Education and the other SDGs
This report examines how education can accelerate achievement of the SDGs related to decent work, sustainable cities and justice in different ways, including through developing professional capacity.
CREDIT: Reginald Louissaint Jr./Save the Children. Esther, a nurse at Dispensaire St. Paul de Moulines in Grand’Anse Department of Haiti, counsels women about family planning.
Many countries have fewer adequately trained social workers than needed to achieve SDG 8 on decent work and economic growth. In Ethiopia, 60% of public-sector social workers interviewed said they lacked relevant education. Some countries are increasing training efforts: China aims to have 230,000 new social workers by 2020. In South Africa, the number of social workers increased by 70% between 2010 and 2015.
With over half the world’s population living in cities, achieving SDG 11 on sustainable cities and communities requires urban planners to improve informal settlements and prepare for future increases. Many countries face acute shortages of planning professionals (Figure 17). India needs 300,000 town and country planners by 2031; in 2011, it had about 4,500. Planning programmes need to integrate physical, environmental and social planning, including education. Local officials in countries including Malawi, Mozambique and Namibia need to improve planning capacities.
Figure 17: There are too few urban planners in Africa and Asia
To achieve SDG 16 on peace, justice and strong institutions, law enforcement officers’ education requirements and training need to improve so as to help build trust and reduce bias and use of force. In the United States, average police training lasts 19 weeks, compared with 130 weeks in Germany. Only 1% of US police departments require a four-year university degree; officers with university degrees were less likely to use force. Some countries, including Singapore, have used training to curb police corruption; others, such as Indonesia, have collaborated with international partners to enhance police professional capacity.

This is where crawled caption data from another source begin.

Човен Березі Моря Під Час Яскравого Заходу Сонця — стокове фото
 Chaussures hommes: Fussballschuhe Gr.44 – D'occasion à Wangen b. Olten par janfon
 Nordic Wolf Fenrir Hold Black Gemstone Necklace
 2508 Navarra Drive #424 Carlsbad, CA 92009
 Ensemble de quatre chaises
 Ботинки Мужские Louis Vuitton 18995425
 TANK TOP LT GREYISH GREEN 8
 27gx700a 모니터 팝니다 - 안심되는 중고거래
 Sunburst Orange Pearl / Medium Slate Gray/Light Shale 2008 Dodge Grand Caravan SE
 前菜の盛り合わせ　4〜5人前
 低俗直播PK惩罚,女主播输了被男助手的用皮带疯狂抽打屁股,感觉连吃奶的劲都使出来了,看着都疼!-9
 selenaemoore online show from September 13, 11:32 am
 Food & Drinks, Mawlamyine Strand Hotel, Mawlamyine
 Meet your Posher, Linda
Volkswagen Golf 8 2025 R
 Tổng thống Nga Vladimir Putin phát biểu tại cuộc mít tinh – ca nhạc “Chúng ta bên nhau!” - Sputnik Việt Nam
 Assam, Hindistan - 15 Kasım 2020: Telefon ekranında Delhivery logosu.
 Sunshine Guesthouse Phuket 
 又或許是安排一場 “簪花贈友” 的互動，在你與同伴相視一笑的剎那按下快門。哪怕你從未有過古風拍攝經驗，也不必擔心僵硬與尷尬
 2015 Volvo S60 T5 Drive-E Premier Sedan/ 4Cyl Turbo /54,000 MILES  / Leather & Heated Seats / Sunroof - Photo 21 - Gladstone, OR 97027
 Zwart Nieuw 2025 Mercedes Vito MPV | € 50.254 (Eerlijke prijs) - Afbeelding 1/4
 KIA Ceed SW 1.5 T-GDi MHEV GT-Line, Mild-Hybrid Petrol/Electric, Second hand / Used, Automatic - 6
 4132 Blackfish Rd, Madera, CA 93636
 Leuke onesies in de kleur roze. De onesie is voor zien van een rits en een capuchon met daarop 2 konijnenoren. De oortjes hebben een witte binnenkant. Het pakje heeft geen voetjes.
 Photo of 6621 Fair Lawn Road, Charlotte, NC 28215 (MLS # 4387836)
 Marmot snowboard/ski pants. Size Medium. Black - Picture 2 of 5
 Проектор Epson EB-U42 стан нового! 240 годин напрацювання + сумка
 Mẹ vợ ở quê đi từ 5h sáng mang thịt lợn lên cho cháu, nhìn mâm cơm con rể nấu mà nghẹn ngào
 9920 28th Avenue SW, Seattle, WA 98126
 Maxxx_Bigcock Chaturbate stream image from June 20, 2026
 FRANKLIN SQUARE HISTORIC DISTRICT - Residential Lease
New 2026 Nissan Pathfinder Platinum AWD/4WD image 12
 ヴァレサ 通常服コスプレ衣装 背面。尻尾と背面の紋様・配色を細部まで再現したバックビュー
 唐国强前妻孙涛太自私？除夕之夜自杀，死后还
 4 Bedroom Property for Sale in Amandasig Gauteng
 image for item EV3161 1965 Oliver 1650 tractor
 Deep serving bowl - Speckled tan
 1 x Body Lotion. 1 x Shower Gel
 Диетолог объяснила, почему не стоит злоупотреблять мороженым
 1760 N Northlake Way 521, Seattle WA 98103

An estimated 4 billion people worldwide lack access to justice, implying a need to build legal capacity. Judicial education varies among countries. Training typically lasts three to five years, but a law degree is not always a prerequisite for becoming a judge, even in high income countries. Some countries, including France, provide substantial initial professional training once judges are selected. Countries such as Ghana and Jordan have continuing education institutions for judges.